Pandemic Journal (# 13): World Economic Recession 

The COVID-19 pandemic has caused a global economic recession (if not depression). Many people have lost their jobs. Stores are closing. Governments are facing huge reductions in tax collections and thus big reductions in expenditures or large deficits.

In the U.S. alone, as of April 18, 33 million people recently have filed applications for unemployment insurance benefits. Moreover, “Some economists expect a fresh surge of claims in future weeks as workers who were previously unable to file because of backlogged state systems are counted, and as states begin to accept applications from people who are newly eligible.” Economists believe that the national unemployment rate for April  could reach 20%.[1]

On April 24, the U.S. Congressional Budget Office forecasted a $3.7 trillion federal government deficit, a 5.6% U.S. economic contraction and an unemployment rate of nearly 12% by year’s end.[2]

“Laid-off workers need money quickly so that they can continue to pay rent, and credit card bills and for groceries. If they can’t, the hole that the larger economy has fallen into ‘gets deeper and deeper, and more difficult to crawl out of.’” As a result, many banks are confronting defaults on  loans and mortgages.

“Pain is everywhere, but it is most widespread among the most vulnerable. For example, 52 percent of low-income households — below $37,500 a year for a family of three — said someone in the household had lost a job because of the coronavirus, compared with 32 percent of upper-income ones (with earnings over $112,600) [while] forty-two percent of families in the middle have been affected as well. Those without a college education have taken a disproportionate hit, as have Hispanics and African-Americans.”

J.P. Morgan “sees GDP in the U.S. falling at an annualized rate of 40% in the three months through June, the eurozone tumbling 45%, with the U.K. economy expected to contract by 59.3% and Japan by 35%. Some forecasts are for a relatively quick rebound, though the outlook depends on how quickly and thoroughly the coronavirus can be contained.”[3]

On April 24, President Trump signed into law for $484 billion of relief for small businesses and hospitals and for expansion of coronavirus testing capacity.[4]

Here is local bit of good news. On April 27, the State of Minnesota will be allowing the opening of manufacturers and offices that don’t have face-to-face interaction with clients and weren’t deemed critical industries that were exempt from the stay-at-home order. Roughly 20,000 companies in this category with 100,000 employees now have the option to reopen if they complete and publicize plans to maintain social distancing, worker hygiene and workspace cleanliness. On the other hand, HealthPartners, a Minnesota-based nonprofit group operating seven hospitals, dozens of clinics and a large health insurance business, announced that it was furloughing 2,600 workers due to suspension of nonemergency surgeries.[5]

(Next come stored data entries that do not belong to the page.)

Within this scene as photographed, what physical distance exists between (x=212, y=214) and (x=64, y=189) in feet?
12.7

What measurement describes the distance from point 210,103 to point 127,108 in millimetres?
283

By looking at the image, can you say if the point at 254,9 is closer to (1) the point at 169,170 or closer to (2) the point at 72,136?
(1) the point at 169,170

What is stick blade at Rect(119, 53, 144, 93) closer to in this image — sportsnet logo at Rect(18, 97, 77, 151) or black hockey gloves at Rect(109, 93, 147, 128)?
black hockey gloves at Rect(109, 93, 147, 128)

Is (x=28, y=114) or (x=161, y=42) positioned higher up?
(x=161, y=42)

Bill Gates, the wealthy co-founder of Microsoft and now co-chair of the Bill & Melinda Gates Foundation, has said that the U.S. and other countries would be aided in returning to normal if we were able to make the following innovations. Create coronavirus tests that are self-administered. Adopt consistent standards about who gets tested. Implement consistent, reliable means for contact tracing. Voluntary adoption of digital tools that help one remember where you have been and whom you have contacted. Develop drugs for treating the virus. Develop a vaccine and a fair, effective way for its distribution and use.[6]

Conclusion

 While I worry about all of the unemployed, their families and the general condition of the U.S. (and global) economies, I am grateful that I am retired and thus not personally involved in these wrenching struggles.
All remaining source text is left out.